**SOURCE DATA**

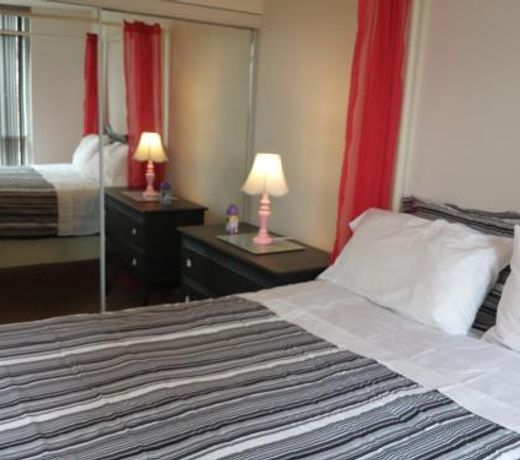 2 Bedroom 1 Bathroom Prime Location in Mississauga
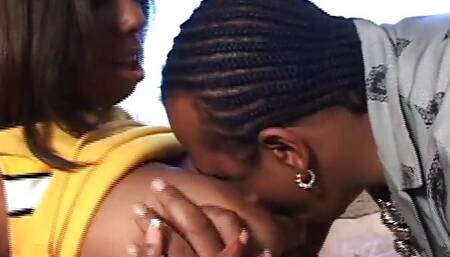 Lovely Lady Lumps #1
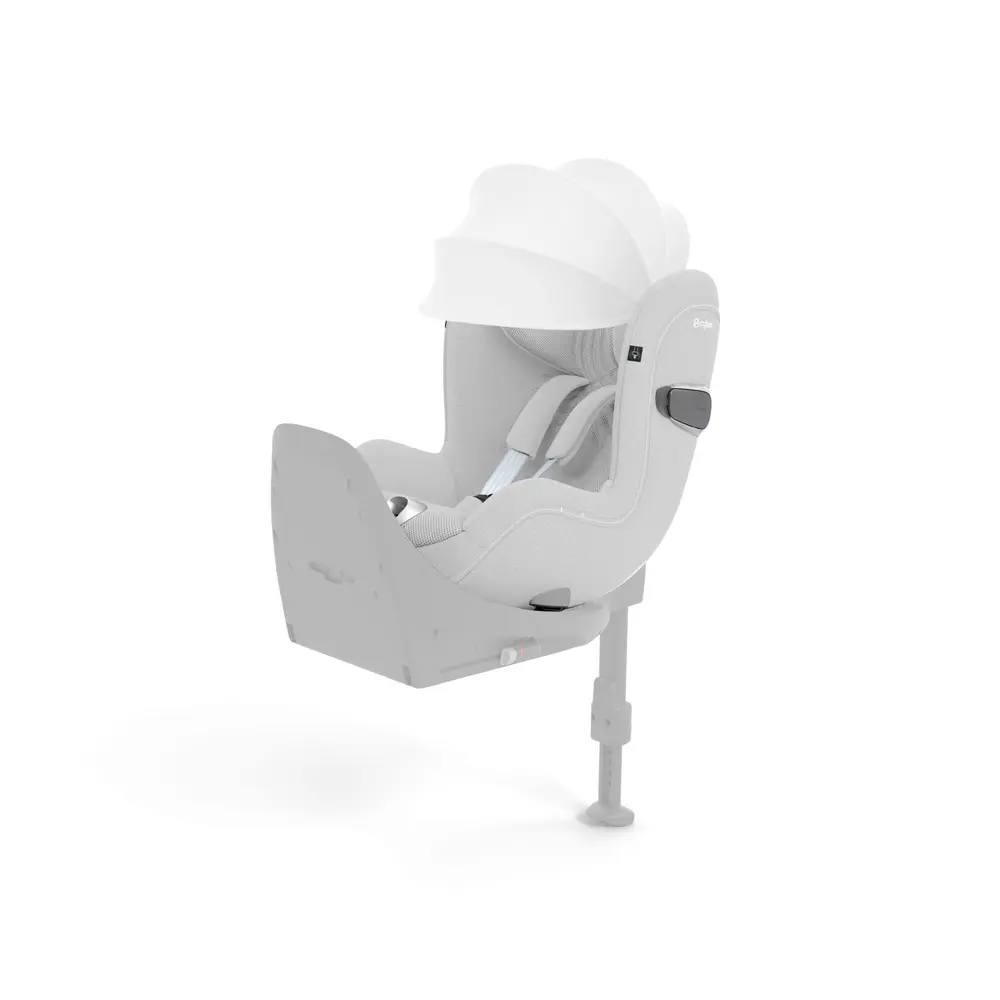 Sirona T I Size Plus   Platinum White fra Cybex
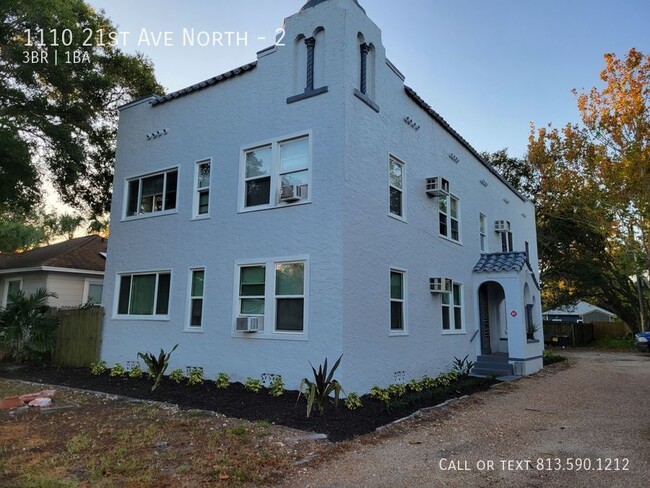 property at 1110 21st Ave N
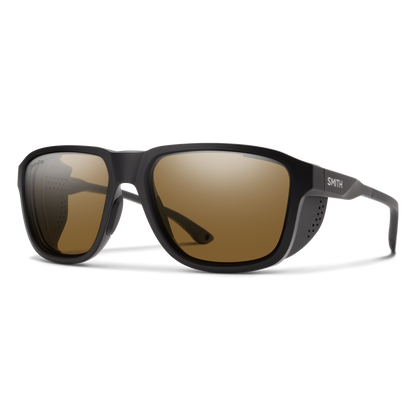 Embark RX, Prescription + Matte Tortoise + ChromaPop Polarized Brown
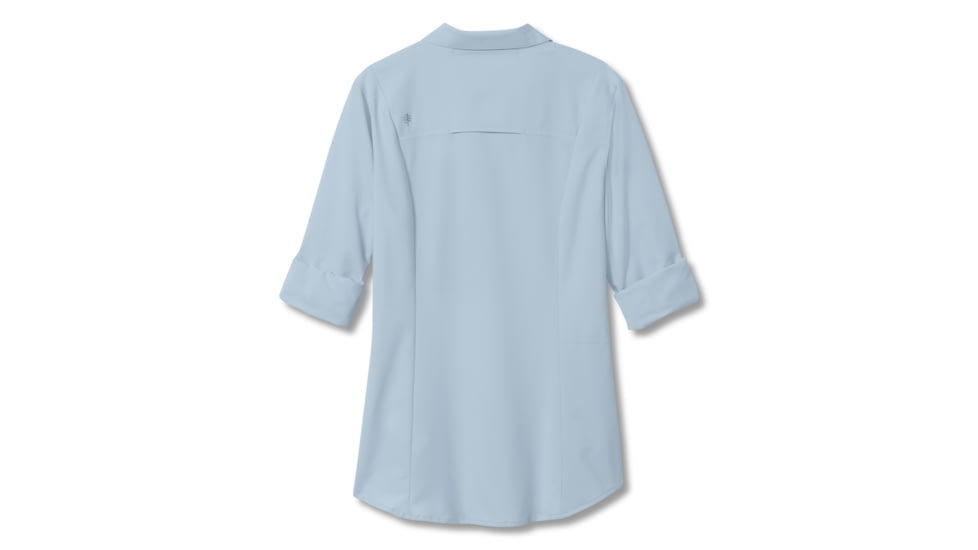 Royal Robbins Expedition Pro L/S Shirt - Womens, Summer Sky, XS, Y322025-Summer Sky-XS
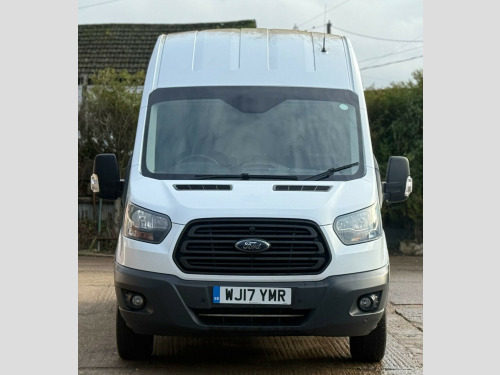 Ford Transit  2.0 350 EcoBlue FWD L3 H3 Euro 6 5dr 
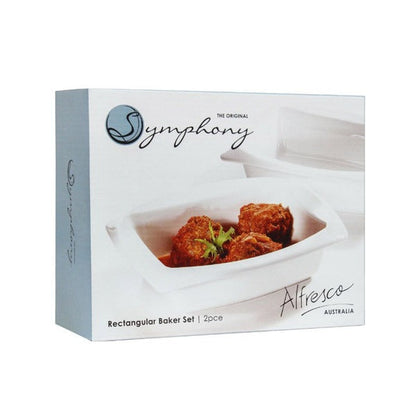 ES3603 2ps Rect baker Set Symphony 4c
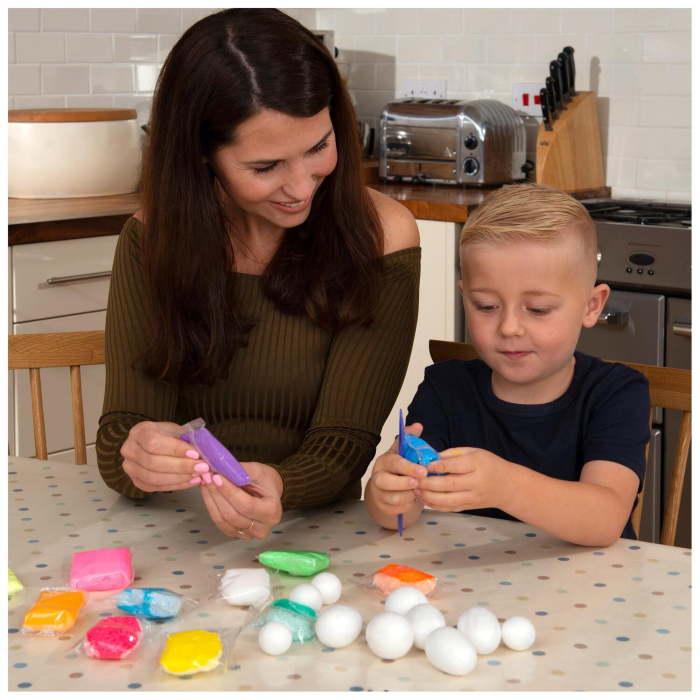 Set creativ - Breloc [2]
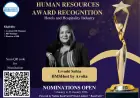 Urvashi Saikia Nominated for HCP Human Resources Award 2026 – The People’s Choice for Hospitality Excellence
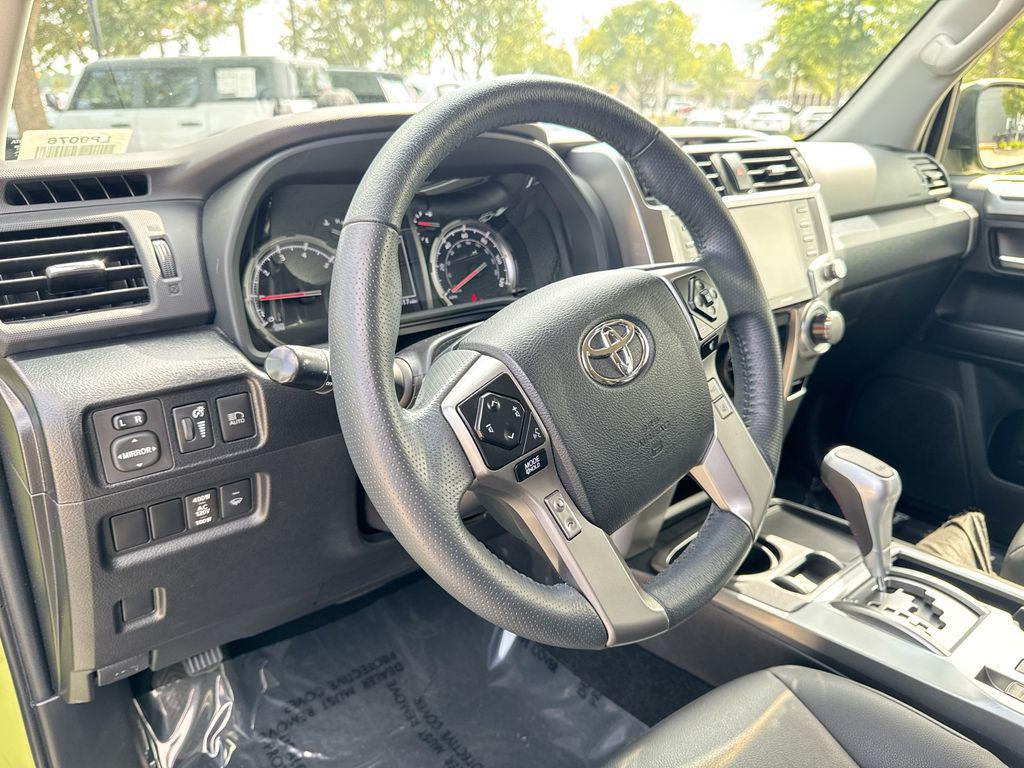 used 2023 Toyota 4Runner car, priced at $40,603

**EXERCISE**
Copy out only the lines from the one containing "Urvashi Saikia Nominated" to the end of the entries, unchanged. Drop the pictures.

**TASK RESPONSE**
 Urvashi Saikia Nominated for HCP Human Resources Award 2026 – The People’s Choice for Hospitality Excellence
 used 2023 Toyota 4Runner car, priced at $40,603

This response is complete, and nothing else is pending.